Curling & Young’s Shipyard
In 1800 Batson’s yard was transferred to Cox, Curling & Company, shipbuilders, previously based at Duke Shore, Limehouse, and across the river. They enlarged the dry docks and demolished the house. The company was controlled in the early nineteenth century by Robert Curling and William Young. William Curling (c1770–1853). Jesse Curling and George Frederick Young succeeded them and from c1820 the firm was known as Curling, Young & Company. They built East and West Indiamen and, from the late 1830s, large merchant steamships, all of them of timber, not iron. The yard became known as Limehouse Dockyard, and the management as Young, Son & Magnay from about 1855, by which time at least one of the slips was covered with open-sided shedding. The firm continued to build large timber ships, but this was a declining section of the shipbuilding industry.
Curling, Young and Co
According to Grace's Guide to British Industrial History Curling, Young and Co built the following ships and boats:
1824 - Built schooner “Colombian Packet”, 346 tons
1825 – Built ship “Hindostan” at Limehouse, 500 tons
1826 – Built barque “Achilles”, 196 tons
1827 – Built ship “James Cruikshank”, 319 tons
1829 – Built barque “Kingdown”, 346 tons
1830 – Built sailing vessel “Walmer, 369 tons, built for Southern whale fishery. Built ship “John Pink”, 283 tons
1834 – Built ship “Louisa Baillie”, 412 tons, Built schooner “Lady Katherine Barham” at Limehouse, 412 tons, built ship “Justina”
at Limehouse, 412 tons
1835 – Built wood steamer “Water Witch”, 275 tons, Built wood steamer “Vivid”

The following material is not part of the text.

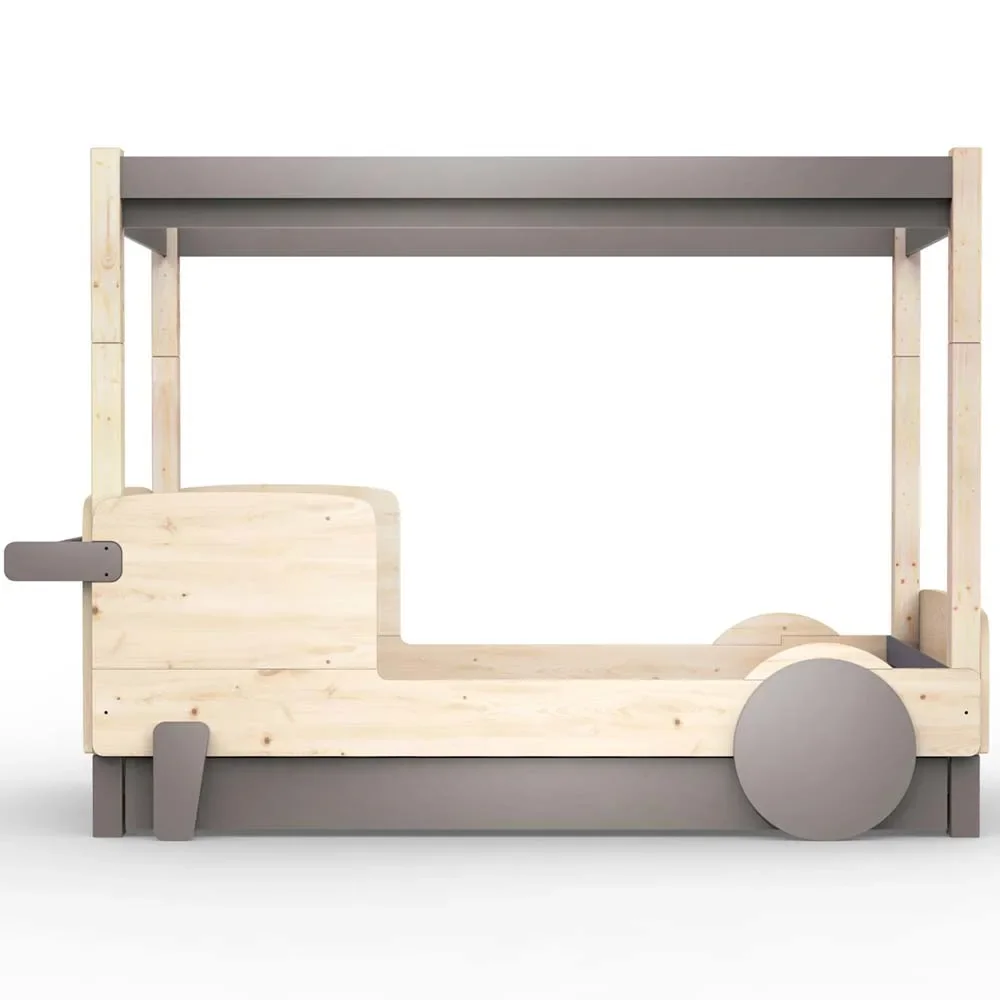 "Mathy by Bol's four -poster bed "Discovery" with bed drawer, Color elements: linen image"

1840 "THE PRESIDENT STEAM-SHIP. ( From the Albion). The President steam-ship, Lieutenant Fayrer, R.N., commander, is sister
ship to the British Queen, both belonging to he British and American Steam Navigation Company.
The President was intended to run between Liveroool and New York, and was believed to be the largest steamer afloat, being of 2366 tons register, and having engines of 600 horse power. The ship was built in London, by Messrs. Curling, Young, & Co., who are also the builders of the British Queen. Both vessels were designed Mr. Maccregor Laird, and laid down from his drawings. They reflect the highest credit on his judgment and skill.

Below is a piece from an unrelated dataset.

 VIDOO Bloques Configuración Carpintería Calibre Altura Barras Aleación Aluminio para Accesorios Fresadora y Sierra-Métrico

The engines were constructed by our celebrated townsmen, Messrs. Fawcett, Preston and Co.: they are the largest marine engines yet made, having cylinders eighty inches diameter and seven and half feet long of stroke.
The accommodations for passengers in this magnificent vessel were of the very first order.

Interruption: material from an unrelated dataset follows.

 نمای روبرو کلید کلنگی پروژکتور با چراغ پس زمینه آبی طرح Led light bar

Original caption: “The Steam Ship President, Lieut. Roberts R.N. Commander. The Largest in the World. Supposed to have struck an ICEBERG on her voyage from New York to Liverpool in March 1841 and sunk with all on board ... by which heart-rending accurrence [sic] 109 Persons perished. Extreme length 275 Feet; Beam 41 Feet; Burden 2366 Tons.” (The original's left margin has been cut off.) The supposition of an iceberg as the culprit was a later notion; the available evidence makes it unlikely.